Ce que nous nous efforçons malheureusement d’oublier, c’est qu’aucune parole trop passéiste ou dithyrambique n’est chargée d’histoire, puisqu’elle meurt avec le temps. L’on pourrait par exemple chercher dans les schèmes actuels les thèmes universels en les reliant à la réalité réelle pour aboutir à une sorte de poésie de transcendance : nous ne parlons pas d’hermétisme puisque qu’il n’y a pas, selon nous, d’hermétisme en poésie. Nous ne parlons que d’une poésie, fût-elle rimée ou non, qui dépasse les évidences trop prosaïques de ce que l’on peut appeler le phénomène du non ou de l’anti-poème. Sans toutefois s’éloigner des heurs et malheurs du quotidien, le poète qui veut s’établir dans la permanence doit s’efforcer de peaufiner la fine fleur de ses nuits en se rappelant toujours, comme le poète espagnol Juan Ramon Jiménez que, par essence, le poème est comme l’étoile qui est un monde et un diamant.
Or comme on dirait dans la rue, du bon produit, il y en a au Cameroun. Mais où ? Dans les textes publiés ces dernières décennies. Et c’est ici le lieu de remercier les considérables efforts fournis par les Presses Universitaires de Yaoundé, La Ronde des Poètes, Patrimoine, la Nolica, agbetsi, Proximité, Fusée, Interlignes et bien d’autres qui, malgré la quasi-indifférence de notre machine culturelle, s’échinent chaque jour pour ajourner la mort du poème. Et où se trouvent surtout les plus belles pages de la poésie camerounaise ? Voilà la seconde et véritable préoccupation. Il est encore évident que c’est dans les tiroirs moisis de l’obscur et injuste anonymat que s’emmure et se meurt l’ossature poétique de ce qui aurait pu être considéré comme l’ancienne poésie camerounaise de demain.
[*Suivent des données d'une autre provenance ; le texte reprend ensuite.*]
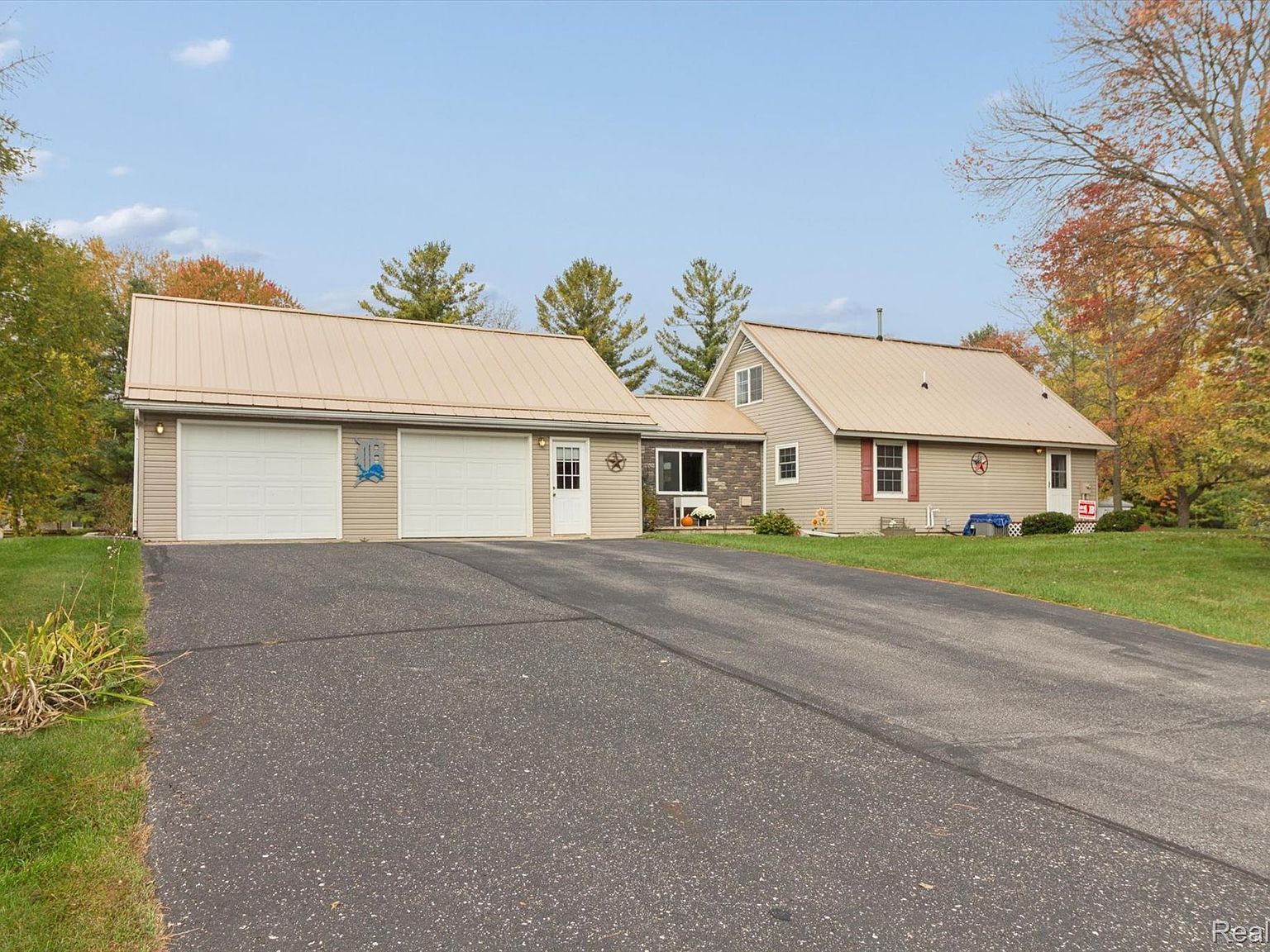 5266 S Pine St Beaverton, MI 48612 - Thumbnail 2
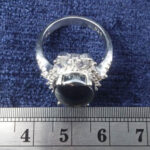 انگشتر نقره زنانه طرح لوکس سلطنتی با نگین حدید صینی + حکاکی - Image 3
Pour conclure, nous disons : il existe bel et bien une poésie camerounaise s’abreuvant dans les lacs d’un passé jalonné de mécènes et d’épigones. Mais la nouvelle génération doit s’abstenir de dormir sur ses lauriers puisque au-delà de cette renaissance plane une sorte de libertinage qui fait de la poésie un lieu du moindre effort. S’agissant de son véritable salut qui vient de l’édition et de sa diffusion, nous pensons que, si seulement, loin des nombreux et scabreux malentendus, nos jeunes éditeurs sans qui plusieurs étoiles brillant encore dans l’ombre de l’anonymat ne seraient révélées à la lumière du jour, pouvaient, plus que jamais, faire converger leurs efforts vers un intérêt commun, peut-être qu’une révolution mentale ayant lieu en amont pourrait entraîner culturellement en aval la mise sur pied « des infrastructures comme les salles de lecture, de théâtre, de musée » sans oublier les concours provinciaux et nationaux de poésie dont la régularité et la publication des textes primés ne pourrait qu’ajouter à la biobibliographie en friche un supplément de qualité. La poésie ne doit pas périr, note Senghor, où serait alors l’espoir du monde ?

Bibliographie
Avini, Aloys (2002), La magie du verbe, Yaoundé, CLE.
Chevrier, Jacques (1988), Anthologie africaine : poésie, Paris, Hatier.
Hurtgen (1988), Tous les poèmes, New York & London, Longman.
Mateso, E. Locha (1987), Anthologie de la poésie d’Afrique noire d’expression française, Pari, Hatier
Vounda Etoa, Marcellin (2004), La littérature camerounaise depuis l’époque coloniale : figures, esthétiques et thématiques, Yaoundé, Presses Universitaires.